# Here's your chance to join April Wine!



## NB_Terry (Feb 2, 2006)

Brian Greenway posted this on FB.


MYLES TO RETIRE.
After nearly 50 years of playing concerts across Canada and worldwide, Myles Goodwyn, lead singer and guitarist for April Wine has announced that he will no longer be performing live and consequently the band is now actively looking for someone to replace Myles on the road. 
The new member will need to take over lead vocal and guitar duties. Obviously that person must be an accomplished, professional singer/guitarist. The transition will occur as soon as the band finds the right person. Anyone wishing to audition for this position can do so by posting a video of themselves on YouTube (or equivalent video sharing devices such as Vimeo, Dailymotion etc.) performing the two tunes listed below, and sending the group a link so they can review the audition video. 
The video must feature the "candidate" playing guitar and (while) performing the lead vocals. The songs that must be performed in the audition are:
1. Roller
2. Just Between You and Me 
The performances must be live and the songs played in the original keys.
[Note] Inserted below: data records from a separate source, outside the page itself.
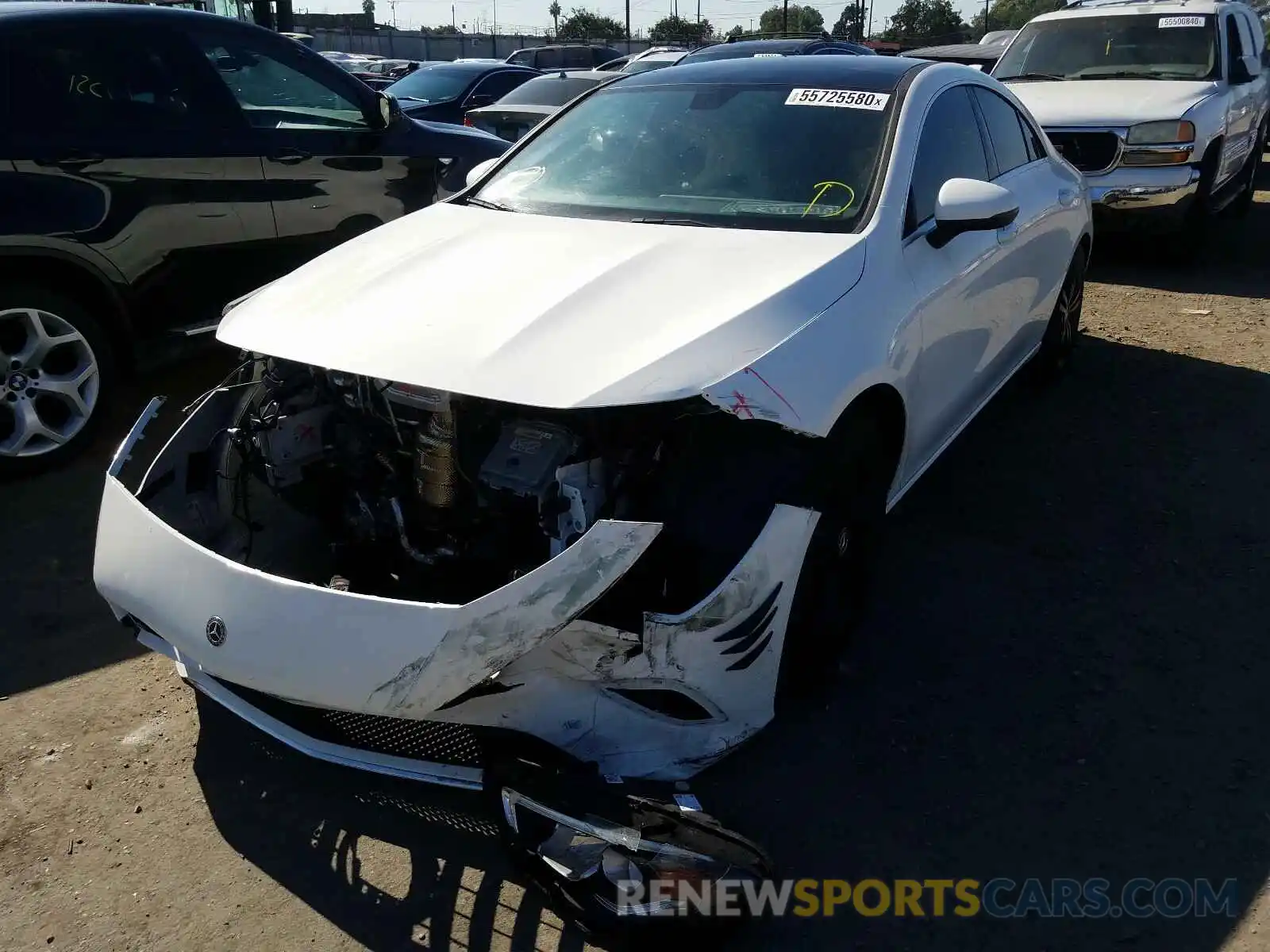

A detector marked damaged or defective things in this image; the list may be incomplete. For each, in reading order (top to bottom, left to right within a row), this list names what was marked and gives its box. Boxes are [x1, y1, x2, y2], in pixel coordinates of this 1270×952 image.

cracked windshield [470, 82, 889, 230]
bent hood [1003, 79, 1219, 128]
cracked windshield [997, 13, 1226, 82]
bent hood [221, 199, 876, 406]
damaged white mercedes-benz [97, 52, 1092, 927]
Send info for your link on YouTube to: [email protected]


----------



## Guest (May 15, 2014)

David?


----------



## GuitarsCanada (Dec 30, 2005)

What does the gig pay?


----------



## Lincoln (Jun 2, 2008)

I "think" I can still do "shoulda been a lady", does that count for anything? :Smiley-fart:


----------



## fraser (Feb 24, 2007)

laristotle said:


> David?


yeah!

anyway- replacing myles?
somehow the notion seems absurd.


----------



## jayoldschool (Sep 12, 2013)

I'll never tire of hearing (or seeing) this:

https://www.youtube.com/watch?v=YlcY_enzwmI


----------



## Steadfastly (Nov 14, 2008)

NB_Terry said:


> Brian Greenway posted this on FB.
> 
> 
> MYLES TO RETIRE.
> ...


I think this must mean that, I too, have gotten older.


----------



## jayoldschool (Sep 12, 2013)

The more I think of this, the more I realize this would make a great made in Canada reality TV show.


----------



## ezcomes (Jul 28, 2008)

as the sole remaining original member...why wouldn't they just pack it in? are they hurting for money that badly?

that sad....if my voice wasn't deep i'd try it out!


----------



## zontar (Oct 25, 2007)

If only I could sing...


----------



## sulphur (Jun 2, 2011)

[video=youtube;Qb0x93oYjG0]https://www.youtube.com/watch?feature=player_embedded&v=Qb0x93oYjG0[/video]


----------



## jayoldschool (Sep 12, 2013)

Any audition videos yet?


----------



## ezcomes (Jul 28, 2008)

you know the interesting thing is...i saw them last, maybe 6 yrs ago...Myles just looked like he was putting in time...didn't smile the entire time...just played...stood by the mic and didn't really talk...

my impression was...he was tired then...if i get to that point...someone tell me to quit cuz it just looks bad


----------